In Australia, I have so many friends, awesome in many ways but I’d be without MOST of them if I distanced myself from those that had done just one of the following:

– exoticised the skin tone and background of myself / other people of colour to my face
– appropriated the styles and forms of expression and rebellion of ‘other’ cultures (of people of colour) for their own creative self-expression and/or radical credibility (without acknowledgment of the privilege they are enacting to do so)
– called me ‘paranoid’ when I’ve expressed my concerns of being treated suspiciously/differently because of my race/skin tone.
– never initiated an observation/conversation about racism nor called out peers for racism such as the above
– not acknowledged the above things as racism.

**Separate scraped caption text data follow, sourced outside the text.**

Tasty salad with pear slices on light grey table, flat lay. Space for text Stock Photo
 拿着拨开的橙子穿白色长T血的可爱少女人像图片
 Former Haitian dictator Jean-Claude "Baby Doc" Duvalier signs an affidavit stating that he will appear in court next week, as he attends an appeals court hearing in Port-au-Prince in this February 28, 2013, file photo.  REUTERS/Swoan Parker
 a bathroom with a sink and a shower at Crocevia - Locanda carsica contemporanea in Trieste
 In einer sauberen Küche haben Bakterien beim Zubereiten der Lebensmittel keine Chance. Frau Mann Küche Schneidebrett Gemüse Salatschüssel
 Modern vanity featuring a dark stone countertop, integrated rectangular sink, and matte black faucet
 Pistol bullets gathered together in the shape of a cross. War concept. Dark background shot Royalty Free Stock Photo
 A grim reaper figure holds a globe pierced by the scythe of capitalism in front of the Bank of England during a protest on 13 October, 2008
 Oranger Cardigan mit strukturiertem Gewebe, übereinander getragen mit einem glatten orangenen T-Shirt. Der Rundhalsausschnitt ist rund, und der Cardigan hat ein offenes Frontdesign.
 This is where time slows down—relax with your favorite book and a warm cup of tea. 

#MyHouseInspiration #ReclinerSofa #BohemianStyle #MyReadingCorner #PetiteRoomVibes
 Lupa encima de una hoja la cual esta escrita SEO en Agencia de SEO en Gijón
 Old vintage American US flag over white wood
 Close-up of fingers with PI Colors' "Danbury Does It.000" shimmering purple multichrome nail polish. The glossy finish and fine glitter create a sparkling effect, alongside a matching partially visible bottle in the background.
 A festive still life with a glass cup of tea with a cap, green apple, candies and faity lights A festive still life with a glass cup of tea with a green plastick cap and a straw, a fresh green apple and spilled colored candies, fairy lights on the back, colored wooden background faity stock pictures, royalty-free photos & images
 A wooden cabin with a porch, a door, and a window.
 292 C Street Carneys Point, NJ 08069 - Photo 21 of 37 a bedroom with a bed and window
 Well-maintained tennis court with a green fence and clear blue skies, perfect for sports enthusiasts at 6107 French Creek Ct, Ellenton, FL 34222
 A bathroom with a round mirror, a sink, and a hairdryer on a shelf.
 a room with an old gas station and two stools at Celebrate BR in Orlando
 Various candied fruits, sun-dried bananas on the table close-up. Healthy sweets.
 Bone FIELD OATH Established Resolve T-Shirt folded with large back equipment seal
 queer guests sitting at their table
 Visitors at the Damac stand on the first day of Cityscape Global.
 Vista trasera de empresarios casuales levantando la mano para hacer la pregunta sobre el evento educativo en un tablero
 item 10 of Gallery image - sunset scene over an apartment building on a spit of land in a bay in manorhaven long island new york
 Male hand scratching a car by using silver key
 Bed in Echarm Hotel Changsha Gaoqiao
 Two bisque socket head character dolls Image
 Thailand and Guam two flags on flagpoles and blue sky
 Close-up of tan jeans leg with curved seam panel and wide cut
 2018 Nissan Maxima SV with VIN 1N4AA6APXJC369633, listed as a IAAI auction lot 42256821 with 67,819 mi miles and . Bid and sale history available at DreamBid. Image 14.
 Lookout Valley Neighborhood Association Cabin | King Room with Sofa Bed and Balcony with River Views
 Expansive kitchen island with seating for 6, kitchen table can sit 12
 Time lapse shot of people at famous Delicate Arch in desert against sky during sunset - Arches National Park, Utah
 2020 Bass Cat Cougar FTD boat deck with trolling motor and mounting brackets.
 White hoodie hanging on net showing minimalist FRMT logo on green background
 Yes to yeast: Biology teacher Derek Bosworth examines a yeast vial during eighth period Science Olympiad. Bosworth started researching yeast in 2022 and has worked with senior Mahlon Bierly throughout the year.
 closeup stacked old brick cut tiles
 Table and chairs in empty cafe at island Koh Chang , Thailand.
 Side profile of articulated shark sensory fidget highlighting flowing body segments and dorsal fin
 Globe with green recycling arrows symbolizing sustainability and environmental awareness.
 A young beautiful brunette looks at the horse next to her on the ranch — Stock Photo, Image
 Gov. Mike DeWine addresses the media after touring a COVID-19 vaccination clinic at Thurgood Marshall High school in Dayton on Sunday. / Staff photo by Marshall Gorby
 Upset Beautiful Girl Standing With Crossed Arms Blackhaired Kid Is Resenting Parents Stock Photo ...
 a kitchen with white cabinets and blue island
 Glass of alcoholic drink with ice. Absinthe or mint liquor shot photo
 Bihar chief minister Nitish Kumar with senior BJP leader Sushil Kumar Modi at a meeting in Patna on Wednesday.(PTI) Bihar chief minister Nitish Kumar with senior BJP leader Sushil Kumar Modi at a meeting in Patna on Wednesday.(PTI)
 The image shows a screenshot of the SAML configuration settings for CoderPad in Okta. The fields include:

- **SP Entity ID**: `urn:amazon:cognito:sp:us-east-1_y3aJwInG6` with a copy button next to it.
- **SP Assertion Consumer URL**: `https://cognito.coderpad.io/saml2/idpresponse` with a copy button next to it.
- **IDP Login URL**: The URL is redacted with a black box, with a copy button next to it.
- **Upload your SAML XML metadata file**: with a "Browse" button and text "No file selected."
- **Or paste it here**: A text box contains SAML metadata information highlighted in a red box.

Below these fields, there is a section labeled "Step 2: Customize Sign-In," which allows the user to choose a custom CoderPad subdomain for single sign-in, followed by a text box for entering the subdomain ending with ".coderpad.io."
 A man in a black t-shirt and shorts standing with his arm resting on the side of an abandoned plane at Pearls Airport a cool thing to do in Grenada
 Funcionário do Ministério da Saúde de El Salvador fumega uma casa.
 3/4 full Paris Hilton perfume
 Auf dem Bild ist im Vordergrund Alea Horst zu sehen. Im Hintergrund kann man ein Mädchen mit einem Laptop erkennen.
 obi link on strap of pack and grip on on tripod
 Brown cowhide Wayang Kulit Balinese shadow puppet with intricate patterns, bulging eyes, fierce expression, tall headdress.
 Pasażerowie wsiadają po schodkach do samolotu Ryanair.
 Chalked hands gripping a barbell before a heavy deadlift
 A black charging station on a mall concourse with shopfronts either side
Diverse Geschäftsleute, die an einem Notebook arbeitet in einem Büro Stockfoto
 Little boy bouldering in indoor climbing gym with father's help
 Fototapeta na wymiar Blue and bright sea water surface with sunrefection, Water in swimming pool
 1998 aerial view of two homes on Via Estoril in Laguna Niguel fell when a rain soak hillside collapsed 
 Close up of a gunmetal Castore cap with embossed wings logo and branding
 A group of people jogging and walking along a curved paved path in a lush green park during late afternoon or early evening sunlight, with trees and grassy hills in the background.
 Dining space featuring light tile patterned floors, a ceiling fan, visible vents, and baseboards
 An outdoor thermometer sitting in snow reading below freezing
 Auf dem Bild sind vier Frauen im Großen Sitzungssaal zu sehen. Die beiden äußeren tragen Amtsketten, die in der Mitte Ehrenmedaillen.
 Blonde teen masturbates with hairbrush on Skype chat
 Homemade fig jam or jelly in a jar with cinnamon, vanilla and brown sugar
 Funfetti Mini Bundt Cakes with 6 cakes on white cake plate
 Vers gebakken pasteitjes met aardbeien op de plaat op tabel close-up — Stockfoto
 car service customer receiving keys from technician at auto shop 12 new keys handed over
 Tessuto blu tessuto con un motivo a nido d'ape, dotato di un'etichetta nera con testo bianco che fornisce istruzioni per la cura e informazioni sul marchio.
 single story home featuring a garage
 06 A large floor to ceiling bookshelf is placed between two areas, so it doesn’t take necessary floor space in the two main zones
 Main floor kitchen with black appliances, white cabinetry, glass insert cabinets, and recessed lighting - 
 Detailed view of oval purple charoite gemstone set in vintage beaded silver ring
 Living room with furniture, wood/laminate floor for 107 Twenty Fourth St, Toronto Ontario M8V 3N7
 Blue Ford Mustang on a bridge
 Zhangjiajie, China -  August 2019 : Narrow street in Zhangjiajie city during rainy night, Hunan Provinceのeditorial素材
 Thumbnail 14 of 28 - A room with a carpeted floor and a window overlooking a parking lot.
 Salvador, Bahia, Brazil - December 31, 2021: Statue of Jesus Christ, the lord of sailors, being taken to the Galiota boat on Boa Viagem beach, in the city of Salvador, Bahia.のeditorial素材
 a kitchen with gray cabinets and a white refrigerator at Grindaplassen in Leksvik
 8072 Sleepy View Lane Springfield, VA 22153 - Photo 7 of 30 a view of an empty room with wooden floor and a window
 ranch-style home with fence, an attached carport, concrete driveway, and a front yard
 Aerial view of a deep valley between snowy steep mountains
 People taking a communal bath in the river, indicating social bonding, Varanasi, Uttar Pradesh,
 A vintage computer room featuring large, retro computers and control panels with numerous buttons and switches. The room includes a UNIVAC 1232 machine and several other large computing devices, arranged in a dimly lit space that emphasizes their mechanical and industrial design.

If I chose to only hang around with people with good racial politics, the friends I would have that weren’t people of colour themselves would fit around my small kitchen table.

I choose not to isolate from my broad range of friends because I want to believe that people share more humanity than our differences and that racist ignorance can change through conversation, self-education and experience with consciousness. The responsibility for change should not have to be in the hands of people of colour. The effort should be coming from all non-people-of -colour, non-Indigenous Australians to bring about an awareness of white privilege.

The focus of my energy has to be in constructing my own positive identity and presence in the world as a person of colour. I am open to conversation but meanwhile talk amongst yourselves please.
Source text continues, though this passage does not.